Contrairement aux monuments érigés à la mémoire des victimes des catastrophes, dans le cas des famines, les édifices ne dépendent pas de l’Autorité japonaise d’information géospatiale. Personne ne sait donc réellement combien il y en a dans le pays. Toutefois, les vieilles archives et les registres historiques locaux sont formels : des périodes de famine, il y en a eu partout au Japon. S’appuyant sur les informations contenues dans les différents documents, le professeur explique que si les famines sont les conséquences directes d’épisodes pluvieux prolongés ou de températures estivales basses, des facteurs humains tels que les politiques définies par les différents gouvernements ou l’incapacité à répartir les ressources alimentaires de façon efficace peuvent également avoir un impact, comme dans le cas de l’invasion russe en Ukraine, des perturbations dans l’approvisionnement en céréales ou encore des pénuries de nourriture en Afrique en raison de la sécheresse.
Une tour commémorant la famine Tenpô se dresse dans l’enceinte du temple Jôren-ji, à Akatsuka, dans l’arrondissement tokyoïte d’Itabashi.

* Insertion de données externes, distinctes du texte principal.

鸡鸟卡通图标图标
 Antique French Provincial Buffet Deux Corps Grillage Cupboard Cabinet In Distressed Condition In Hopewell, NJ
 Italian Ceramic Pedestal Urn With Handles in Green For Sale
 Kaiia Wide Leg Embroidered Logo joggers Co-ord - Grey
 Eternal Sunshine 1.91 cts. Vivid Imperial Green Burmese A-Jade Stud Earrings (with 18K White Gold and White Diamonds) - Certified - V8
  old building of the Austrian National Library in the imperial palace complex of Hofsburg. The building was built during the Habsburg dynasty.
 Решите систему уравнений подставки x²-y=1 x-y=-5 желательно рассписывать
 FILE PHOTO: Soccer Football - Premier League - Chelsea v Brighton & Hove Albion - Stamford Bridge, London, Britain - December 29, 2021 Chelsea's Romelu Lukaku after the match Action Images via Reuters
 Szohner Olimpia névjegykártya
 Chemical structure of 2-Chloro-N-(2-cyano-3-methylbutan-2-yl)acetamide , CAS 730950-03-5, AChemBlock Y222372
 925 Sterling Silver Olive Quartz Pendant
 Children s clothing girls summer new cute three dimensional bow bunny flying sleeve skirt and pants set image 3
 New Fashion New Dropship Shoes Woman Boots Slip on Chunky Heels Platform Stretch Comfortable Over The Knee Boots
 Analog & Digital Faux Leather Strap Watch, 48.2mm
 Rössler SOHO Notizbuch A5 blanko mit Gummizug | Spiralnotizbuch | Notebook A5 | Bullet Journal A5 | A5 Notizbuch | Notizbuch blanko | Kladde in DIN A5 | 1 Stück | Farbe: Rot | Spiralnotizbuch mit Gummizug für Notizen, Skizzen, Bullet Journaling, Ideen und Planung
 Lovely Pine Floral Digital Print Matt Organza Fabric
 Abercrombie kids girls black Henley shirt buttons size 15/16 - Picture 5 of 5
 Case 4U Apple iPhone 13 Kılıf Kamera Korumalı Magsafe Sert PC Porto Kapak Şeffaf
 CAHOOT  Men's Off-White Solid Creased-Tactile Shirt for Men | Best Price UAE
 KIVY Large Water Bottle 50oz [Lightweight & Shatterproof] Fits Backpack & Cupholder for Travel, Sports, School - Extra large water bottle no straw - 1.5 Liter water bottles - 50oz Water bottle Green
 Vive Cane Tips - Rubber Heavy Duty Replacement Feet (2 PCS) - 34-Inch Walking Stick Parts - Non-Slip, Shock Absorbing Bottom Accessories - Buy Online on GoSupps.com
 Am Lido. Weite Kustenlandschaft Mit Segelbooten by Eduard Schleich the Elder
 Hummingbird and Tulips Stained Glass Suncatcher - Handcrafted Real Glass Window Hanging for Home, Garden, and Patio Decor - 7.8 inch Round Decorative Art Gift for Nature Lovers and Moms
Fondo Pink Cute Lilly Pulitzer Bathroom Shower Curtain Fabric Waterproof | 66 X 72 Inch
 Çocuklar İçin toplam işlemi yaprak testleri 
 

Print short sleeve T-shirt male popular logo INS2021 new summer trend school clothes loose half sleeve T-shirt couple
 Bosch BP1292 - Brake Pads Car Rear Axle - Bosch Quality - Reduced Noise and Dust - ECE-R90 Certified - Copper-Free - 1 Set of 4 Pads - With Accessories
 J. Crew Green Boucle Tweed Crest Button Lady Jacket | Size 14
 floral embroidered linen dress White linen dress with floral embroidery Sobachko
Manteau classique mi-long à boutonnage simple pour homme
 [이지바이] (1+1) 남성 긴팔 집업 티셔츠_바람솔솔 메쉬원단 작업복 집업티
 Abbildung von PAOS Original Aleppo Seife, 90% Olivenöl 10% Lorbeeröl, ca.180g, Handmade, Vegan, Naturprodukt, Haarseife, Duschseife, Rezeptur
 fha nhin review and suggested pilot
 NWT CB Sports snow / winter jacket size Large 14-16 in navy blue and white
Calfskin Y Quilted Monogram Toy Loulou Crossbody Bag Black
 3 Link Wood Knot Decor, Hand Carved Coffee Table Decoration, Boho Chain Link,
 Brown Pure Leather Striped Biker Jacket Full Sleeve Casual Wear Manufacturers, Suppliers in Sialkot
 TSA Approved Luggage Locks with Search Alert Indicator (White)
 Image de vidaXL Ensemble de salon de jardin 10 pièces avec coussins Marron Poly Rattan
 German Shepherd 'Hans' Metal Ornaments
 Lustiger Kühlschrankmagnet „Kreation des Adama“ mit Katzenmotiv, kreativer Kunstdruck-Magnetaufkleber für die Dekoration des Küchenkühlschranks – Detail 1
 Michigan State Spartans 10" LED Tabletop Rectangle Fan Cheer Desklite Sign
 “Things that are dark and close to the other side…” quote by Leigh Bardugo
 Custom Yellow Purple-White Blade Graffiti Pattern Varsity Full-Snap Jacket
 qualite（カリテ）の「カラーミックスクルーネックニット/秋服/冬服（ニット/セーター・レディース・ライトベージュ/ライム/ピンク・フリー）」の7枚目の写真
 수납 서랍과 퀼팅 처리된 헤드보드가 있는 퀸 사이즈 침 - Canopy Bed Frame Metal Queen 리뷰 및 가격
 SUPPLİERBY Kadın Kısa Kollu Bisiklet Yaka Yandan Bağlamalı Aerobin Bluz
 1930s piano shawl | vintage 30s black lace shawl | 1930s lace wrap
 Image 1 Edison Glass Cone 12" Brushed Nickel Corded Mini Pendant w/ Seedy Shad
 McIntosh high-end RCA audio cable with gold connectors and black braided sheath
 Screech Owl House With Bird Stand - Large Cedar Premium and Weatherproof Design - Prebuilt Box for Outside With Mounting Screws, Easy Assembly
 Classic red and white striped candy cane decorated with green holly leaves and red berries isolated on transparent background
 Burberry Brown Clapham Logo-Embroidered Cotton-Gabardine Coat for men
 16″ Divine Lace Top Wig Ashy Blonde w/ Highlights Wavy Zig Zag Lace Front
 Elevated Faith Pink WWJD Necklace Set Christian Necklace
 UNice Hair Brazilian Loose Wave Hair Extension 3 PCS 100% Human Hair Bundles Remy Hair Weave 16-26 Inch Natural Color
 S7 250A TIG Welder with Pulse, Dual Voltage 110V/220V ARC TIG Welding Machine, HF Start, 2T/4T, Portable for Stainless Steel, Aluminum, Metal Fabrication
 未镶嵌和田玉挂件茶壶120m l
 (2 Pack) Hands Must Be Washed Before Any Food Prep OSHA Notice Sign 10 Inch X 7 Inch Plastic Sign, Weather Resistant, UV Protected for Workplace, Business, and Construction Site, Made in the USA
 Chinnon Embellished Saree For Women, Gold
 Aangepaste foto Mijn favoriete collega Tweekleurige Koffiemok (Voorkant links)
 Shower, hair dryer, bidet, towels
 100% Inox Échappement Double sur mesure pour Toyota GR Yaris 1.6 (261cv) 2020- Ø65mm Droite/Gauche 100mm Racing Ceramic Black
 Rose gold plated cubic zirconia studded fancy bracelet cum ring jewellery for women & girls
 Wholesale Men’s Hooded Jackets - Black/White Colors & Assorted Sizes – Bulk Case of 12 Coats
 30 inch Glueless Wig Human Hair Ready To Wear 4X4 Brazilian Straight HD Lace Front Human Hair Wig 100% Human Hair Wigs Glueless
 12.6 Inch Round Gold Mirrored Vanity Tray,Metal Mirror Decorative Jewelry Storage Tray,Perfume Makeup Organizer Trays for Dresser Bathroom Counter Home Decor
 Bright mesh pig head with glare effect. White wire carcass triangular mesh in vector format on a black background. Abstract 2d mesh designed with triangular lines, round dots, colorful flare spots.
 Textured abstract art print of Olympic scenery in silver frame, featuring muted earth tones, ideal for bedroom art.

Y sont inscrits à titre posthume les noms de 423 personnes dont 41 enfants, qui ont succombé à la famine entre mars et novembre 1837 dans la ville postale d’Itabashi, telle que la région était connue à cette époque. (© Abe Haruki).
(Photo de titre : un point de ravitaillement sukuigoya. « Le désespéré cherchant de l’aide », Kôsai ryûmin kyûjutsu zu, 1838, Watanabe Kazan, Collection numérique de la Bibliothèque nationale de la Diète)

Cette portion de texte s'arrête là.